**Extracted records**
● ● ● ● ● ● ●

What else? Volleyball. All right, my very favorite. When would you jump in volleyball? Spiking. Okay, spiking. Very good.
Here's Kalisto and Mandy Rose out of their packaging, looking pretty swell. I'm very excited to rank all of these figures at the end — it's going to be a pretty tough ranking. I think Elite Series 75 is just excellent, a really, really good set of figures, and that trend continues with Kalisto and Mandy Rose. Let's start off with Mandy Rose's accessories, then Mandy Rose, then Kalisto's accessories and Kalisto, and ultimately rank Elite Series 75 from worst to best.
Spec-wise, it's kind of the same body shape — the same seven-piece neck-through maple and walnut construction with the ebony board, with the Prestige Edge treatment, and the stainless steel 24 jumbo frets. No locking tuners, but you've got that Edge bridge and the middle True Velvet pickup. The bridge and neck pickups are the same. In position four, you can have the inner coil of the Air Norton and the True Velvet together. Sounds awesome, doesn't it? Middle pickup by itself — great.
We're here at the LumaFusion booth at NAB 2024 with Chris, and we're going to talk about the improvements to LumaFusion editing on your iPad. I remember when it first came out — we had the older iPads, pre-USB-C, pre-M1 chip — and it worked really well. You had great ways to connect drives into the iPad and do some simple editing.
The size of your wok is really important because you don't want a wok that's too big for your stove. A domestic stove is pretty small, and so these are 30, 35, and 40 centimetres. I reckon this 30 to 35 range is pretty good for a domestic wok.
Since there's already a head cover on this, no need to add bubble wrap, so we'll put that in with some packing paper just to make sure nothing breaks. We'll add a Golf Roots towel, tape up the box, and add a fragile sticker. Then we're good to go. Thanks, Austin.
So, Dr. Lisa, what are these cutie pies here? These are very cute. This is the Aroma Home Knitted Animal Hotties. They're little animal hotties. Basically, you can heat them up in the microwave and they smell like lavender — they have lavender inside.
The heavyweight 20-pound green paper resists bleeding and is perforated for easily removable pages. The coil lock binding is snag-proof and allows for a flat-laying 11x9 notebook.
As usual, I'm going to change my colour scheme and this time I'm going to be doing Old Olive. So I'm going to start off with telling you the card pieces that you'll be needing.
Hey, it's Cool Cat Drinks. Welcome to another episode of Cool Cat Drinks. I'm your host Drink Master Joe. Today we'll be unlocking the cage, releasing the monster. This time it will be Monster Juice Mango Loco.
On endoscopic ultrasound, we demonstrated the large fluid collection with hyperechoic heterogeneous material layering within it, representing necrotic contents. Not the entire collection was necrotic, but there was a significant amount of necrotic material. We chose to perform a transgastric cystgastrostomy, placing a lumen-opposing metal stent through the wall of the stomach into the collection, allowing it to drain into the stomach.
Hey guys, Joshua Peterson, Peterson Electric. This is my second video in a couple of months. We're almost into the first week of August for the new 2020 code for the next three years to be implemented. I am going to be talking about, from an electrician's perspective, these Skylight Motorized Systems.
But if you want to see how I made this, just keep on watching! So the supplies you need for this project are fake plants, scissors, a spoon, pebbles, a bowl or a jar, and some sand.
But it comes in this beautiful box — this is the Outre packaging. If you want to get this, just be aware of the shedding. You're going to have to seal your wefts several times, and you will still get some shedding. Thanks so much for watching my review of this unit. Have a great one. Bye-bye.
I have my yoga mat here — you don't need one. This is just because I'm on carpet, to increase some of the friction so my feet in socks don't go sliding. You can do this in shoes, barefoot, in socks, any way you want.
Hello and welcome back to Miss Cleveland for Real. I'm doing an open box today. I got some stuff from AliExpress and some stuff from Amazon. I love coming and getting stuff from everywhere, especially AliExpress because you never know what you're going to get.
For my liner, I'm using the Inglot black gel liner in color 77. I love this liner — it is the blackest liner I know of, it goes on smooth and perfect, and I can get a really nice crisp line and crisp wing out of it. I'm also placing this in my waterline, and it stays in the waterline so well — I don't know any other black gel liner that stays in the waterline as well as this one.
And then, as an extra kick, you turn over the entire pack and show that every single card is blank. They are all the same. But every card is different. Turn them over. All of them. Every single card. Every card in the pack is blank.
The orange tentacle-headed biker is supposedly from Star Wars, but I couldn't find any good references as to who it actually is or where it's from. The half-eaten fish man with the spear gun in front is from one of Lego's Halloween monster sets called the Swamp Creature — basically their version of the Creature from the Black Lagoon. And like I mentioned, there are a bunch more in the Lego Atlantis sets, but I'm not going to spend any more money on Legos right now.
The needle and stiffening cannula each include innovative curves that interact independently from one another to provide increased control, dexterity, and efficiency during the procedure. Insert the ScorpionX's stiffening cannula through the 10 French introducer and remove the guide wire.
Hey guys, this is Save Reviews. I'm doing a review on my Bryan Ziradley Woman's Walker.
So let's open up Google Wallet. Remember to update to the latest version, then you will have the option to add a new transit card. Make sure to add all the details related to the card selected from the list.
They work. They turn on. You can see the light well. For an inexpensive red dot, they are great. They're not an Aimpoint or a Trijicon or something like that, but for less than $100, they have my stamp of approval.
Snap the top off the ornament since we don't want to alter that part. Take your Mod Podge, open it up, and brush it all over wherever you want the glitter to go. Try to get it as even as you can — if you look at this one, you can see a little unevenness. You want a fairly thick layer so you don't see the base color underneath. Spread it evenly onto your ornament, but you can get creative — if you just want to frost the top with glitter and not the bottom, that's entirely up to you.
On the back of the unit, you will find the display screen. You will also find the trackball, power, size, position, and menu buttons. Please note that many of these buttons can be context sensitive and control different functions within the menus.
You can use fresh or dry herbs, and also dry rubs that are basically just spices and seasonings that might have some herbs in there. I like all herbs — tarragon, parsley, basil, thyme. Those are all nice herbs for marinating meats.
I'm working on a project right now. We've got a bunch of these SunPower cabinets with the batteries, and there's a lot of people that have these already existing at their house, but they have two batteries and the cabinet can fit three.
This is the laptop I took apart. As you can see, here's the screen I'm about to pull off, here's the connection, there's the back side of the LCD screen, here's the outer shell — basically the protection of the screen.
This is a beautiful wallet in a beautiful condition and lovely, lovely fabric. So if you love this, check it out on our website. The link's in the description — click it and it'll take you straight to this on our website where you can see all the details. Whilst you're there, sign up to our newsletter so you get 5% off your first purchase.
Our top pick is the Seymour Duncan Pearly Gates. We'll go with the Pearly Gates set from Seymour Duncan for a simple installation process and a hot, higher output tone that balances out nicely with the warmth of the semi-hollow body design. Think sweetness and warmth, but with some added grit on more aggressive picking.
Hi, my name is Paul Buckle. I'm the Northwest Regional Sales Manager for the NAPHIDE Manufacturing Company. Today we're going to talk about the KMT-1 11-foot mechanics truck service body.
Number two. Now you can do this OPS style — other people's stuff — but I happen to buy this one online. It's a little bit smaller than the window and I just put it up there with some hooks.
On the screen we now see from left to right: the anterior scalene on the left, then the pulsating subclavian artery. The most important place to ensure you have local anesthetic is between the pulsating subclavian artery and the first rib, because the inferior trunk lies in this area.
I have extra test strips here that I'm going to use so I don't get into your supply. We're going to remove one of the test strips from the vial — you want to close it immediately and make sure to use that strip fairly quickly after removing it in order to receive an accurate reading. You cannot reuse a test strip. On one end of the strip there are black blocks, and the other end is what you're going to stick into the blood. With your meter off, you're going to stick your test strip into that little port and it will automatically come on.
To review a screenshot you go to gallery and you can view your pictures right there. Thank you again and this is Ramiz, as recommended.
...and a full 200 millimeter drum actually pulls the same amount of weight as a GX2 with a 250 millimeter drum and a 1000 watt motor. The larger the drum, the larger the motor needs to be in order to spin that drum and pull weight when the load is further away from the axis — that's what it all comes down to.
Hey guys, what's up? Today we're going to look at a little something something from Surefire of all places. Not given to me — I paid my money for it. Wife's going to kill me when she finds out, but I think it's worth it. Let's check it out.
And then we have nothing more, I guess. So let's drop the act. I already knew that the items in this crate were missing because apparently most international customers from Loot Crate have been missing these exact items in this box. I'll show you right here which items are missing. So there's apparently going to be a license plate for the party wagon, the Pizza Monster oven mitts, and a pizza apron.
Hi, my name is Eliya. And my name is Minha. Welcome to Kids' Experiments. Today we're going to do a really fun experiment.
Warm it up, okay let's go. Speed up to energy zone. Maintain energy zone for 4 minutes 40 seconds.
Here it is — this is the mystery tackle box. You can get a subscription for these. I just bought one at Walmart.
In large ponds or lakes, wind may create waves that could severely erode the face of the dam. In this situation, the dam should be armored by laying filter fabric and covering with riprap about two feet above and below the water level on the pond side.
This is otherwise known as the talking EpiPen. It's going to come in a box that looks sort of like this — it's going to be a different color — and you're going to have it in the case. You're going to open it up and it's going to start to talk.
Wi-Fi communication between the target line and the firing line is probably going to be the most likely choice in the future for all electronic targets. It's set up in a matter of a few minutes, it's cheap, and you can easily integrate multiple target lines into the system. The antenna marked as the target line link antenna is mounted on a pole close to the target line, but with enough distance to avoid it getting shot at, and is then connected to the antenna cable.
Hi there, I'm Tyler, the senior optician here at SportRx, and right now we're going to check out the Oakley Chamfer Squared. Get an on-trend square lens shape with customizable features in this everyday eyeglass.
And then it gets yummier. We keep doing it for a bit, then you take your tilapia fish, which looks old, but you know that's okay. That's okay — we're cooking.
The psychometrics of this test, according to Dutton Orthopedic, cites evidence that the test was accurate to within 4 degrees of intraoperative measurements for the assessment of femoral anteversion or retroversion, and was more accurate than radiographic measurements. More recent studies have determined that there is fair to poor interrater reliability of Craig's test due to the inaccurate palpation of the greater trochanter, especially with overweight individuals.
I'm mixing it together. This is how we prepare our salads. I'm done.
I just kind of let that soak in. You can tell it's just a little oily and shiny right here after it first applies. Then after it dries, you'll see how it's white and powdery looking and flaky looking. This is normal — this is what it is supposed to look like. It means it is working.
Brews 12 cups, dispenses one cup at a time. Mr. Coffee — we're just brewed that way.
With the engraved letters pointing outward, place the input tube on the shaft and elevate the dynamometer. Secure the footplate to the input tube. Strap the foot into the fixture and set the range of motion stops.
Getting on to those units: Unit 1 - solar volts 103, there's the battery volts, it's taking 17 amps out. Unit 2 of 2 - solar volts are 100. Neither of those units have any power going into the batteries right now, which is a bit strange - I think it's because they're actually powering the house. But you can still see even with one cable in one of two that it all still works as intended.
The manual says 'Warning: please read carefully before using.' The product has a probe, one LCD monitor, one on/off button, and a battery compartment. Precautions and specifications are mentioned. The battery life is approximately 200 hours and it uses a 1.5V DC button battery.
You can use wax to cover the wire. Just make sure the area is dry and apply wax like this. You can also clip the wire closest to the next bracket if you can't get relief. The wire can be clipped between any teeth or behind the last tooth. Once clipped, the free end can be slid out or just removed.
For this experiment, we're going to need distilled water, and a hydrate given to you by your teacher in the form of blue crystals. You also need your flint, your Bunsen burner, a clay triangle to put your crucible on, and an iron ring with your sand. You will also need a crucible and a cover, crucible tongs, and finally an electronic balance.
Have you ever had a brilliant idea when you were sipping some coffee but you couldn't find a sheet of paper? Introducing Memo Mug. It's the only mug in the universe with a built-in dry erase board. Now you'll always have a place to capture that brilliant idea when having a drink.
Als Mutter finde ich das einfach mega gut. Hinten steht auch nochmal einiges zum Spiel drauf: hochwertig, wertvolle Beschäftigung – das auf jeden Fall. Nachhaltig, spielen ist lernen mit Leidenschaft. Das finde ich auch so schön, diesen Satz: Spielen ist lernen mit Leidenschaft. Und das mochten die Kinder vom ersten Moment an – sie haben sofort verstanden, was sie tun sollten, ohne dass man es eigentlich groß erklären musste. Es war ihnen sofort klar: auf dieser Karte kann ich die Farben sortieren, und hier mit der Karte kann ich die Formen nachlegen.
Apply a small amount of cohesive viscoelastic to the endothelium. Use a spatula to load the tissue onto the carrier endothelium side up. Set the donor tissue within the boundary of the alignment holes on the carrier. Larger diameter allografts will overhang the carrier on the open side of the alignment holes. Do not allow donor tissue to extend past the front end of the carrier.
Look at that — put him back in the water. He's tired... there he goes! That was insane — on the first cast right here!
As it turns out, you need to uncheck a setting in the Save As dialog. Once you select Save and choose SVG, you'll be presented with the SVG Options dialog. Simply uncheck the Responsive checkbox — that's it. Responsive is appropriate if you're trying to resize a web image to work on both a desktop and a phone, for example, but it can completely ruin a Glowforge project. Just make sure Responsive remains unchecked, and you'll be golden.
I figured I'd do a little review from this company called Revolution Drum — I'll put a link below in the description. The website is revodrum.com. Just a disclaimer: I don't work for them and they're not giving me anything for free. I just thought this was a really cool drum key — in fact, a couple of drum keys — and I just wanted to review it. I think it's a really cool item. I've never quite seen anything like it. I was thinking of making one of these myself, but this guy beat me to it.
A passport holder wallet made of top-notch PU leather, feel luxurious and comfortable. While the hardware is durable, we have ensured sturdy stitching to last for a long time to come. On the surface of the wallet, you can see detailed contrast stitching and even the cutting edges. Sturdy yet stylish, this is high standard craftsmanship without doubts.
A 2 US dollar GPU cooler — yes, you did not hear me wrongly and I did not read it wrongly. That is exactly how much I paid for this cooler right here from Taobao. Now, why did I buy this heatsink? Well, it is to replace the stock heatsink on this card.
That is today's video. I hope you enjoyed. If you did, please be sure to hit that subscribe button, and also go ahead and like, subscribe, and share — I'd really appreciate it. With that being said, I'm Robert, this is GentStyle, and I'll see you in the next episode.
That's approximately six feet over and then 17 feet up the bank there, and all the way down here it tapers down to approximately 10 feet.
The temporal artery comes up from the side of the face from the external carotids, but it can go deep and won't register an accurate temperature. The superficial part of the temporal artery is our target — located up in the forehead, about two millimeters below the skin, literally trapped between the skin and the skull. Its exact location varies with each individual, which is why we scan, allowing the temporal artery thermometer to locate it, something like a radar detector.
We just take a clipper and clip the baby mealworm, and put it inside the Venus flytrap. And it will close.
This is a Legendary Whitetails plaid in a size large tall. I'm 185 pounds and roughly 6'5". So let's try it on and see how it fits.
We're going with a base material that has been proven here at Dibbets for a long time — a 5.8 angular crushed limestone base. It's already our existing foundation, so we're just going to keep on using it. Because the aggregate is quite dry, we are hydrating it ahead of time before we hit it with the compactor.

● ● ● ● ● ● ●

In the reply, include exactly the lines from the beginning of the entries above through the line holding "We're here at", and nothing besides.

What else? Volleyball. All right, my very favorite. When would you jump in volleyball? Spiking. Okay, spiking. Very good.
Here's Kalisto and Mandy Rose out of their packaging, looking pretty swell. I'm very excited to rank all of these figures at the end — it's going to be a pretty tough ranking. I think Elite Series 75 is just excellent, a really, really good set of figures, and that trend continues with Kalisto and Mandy Rose. Let's start off with Mandy Rose's accessories, then Mandy Rose, then Kalisto's accessories and Kalisto, and ultimately rank Elite Series 75 from worst to best.
Spec-wise, it's kind of the same body shape — the same seven-piece neck-through maple and walnut construction with the ebony board, with the Prestige Edge treatment, and the stainless steel 24 jumbo frets. No locking tuners, but you've got that Edge bridge and the middle True Velvet pickup. The bridge and neck pickups are the same. In position four, you can have the inner coil of the Air Norton and the True Velvet together. Sounds awesome, doesn't it? Middle pickup by itself — great.
We're here at the LumaFusion booth at NAB 2024 with Chris, and we're going to talk about the improvements to LumaFusion editing on your iPad. I remember when it first came out — we had the older iPads, pre-USB-C, pre-M1 chip — and it worked really well. You had great ways to connect drives into the iPad and do some simple editing.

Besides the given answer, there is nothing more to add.